Papa Francesco oggi è stato a Lesbo, un viaggio di poche ora nell’isola che è diventata il simbolo, durante gli ultimi lunghi mesi, della crisi dei profughi e di come la Grecia abbia cercato di ospitarli tutti. Pur tra mille contraddizioni ed errori.
José Bergoglio è stato invitato dall’Arcivescovo di Atene e di tutta la Grecia, Ieronimos. Ad accoglierlo, anche il Patriarca di Costantinopoli, il capo spirituale della chiesa ortodossa. Un ex profugo anche lui, nativo di Tenedo, isola che, nonostante la sua grecità culturale passata, appartiene alla Turchia da meno di un secolo. È storia, ormai, ma di quella di cui ci si ricorda. Almeno qui, a Lesbo, dove i nonni delle generazioni più giovani sono arrivati come profughi, appunto. Nel 1922, dall’Asia Minore, le coste dell’odierna Turchia.

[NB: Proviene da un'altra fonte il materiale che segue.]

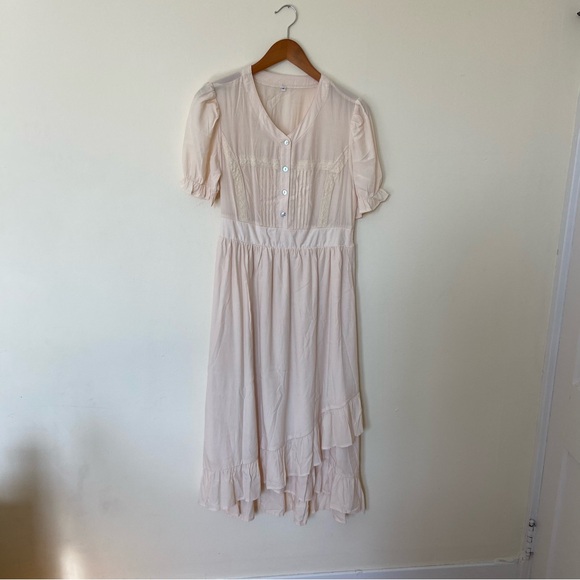 NWOT Petallush Ivory Short Sleeve Ruffle Midi Dress Sz M - Picture 4 of 9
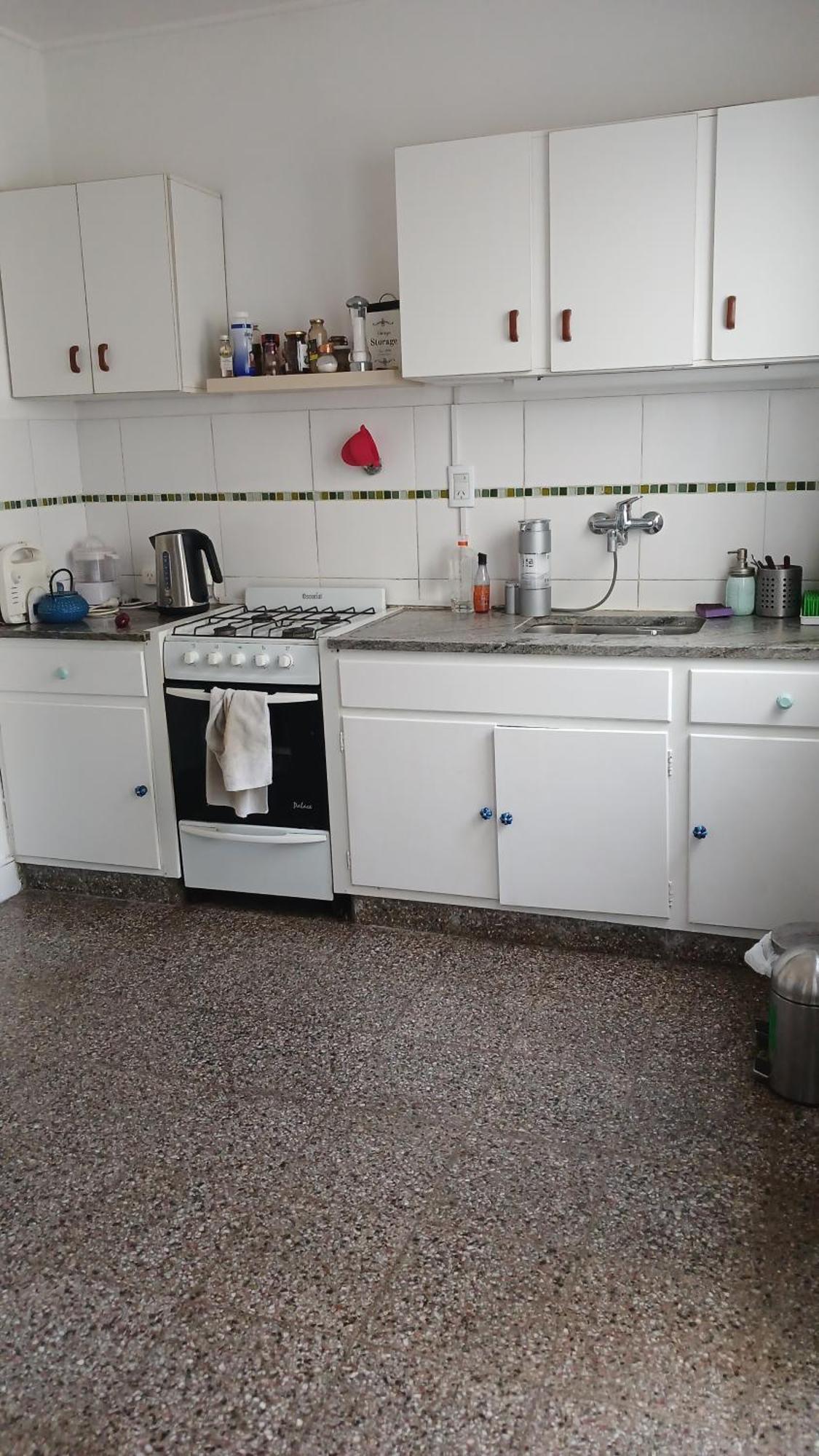 Amplio Y Luminoso Ph En Zona Guemes, Acceso Por Escalera Apartamento
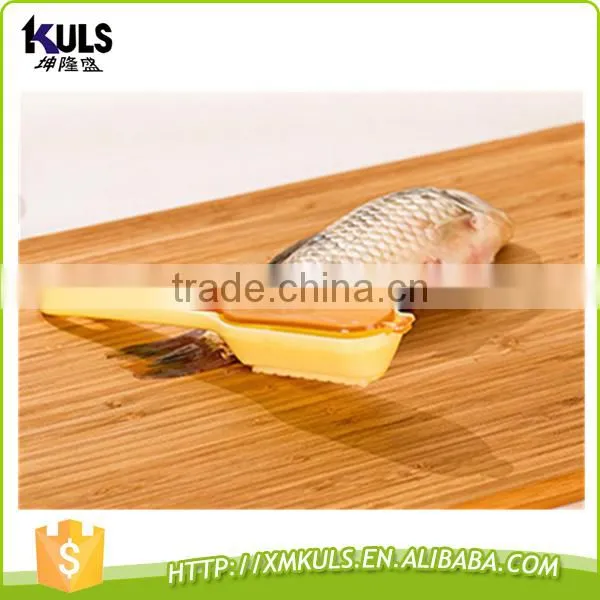 Creative kitchen supplies plastic scraping scales knife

Proprio lui, il Patriarca di Costantinopoli, dall’hot spot di Moria, dove i tre gerarchi hanno incontrato un centinaio di persone in fuga dalla guerra e dalla miseria, ha detto che “questa non è la fine della storia; il Mediterraneo non è una tomba, ma un crocevia di civiltà”.
I morti dell’Egeo sono stati un tema ricorrente dell’incontro odierno: per loro, il Papa, l’Arcivescovo e il Patriarca hanno gettato corone di fiori nelle acque di Mitilene e per loro hanno pregato, in una funzione che passerà nella storia – almeno quella canonica, quando scopo espresso dei capi di buona parte del cristianesimo è stato quello di mandare un messaggio politico. Di solidarietà, pace e dignità, chiamando in causa l’ONU stessa, come ha fatto Ieronimos.
Contro i muri e contro i respingimenti verso la Turchia: da poche ore Papa Francesco è partito in compagnia di dieci siriani, scelti per estrazione tra quelli rimasti imprigionati per essere arrivati a Lesbo poco prima dell’accordo con la Turchia.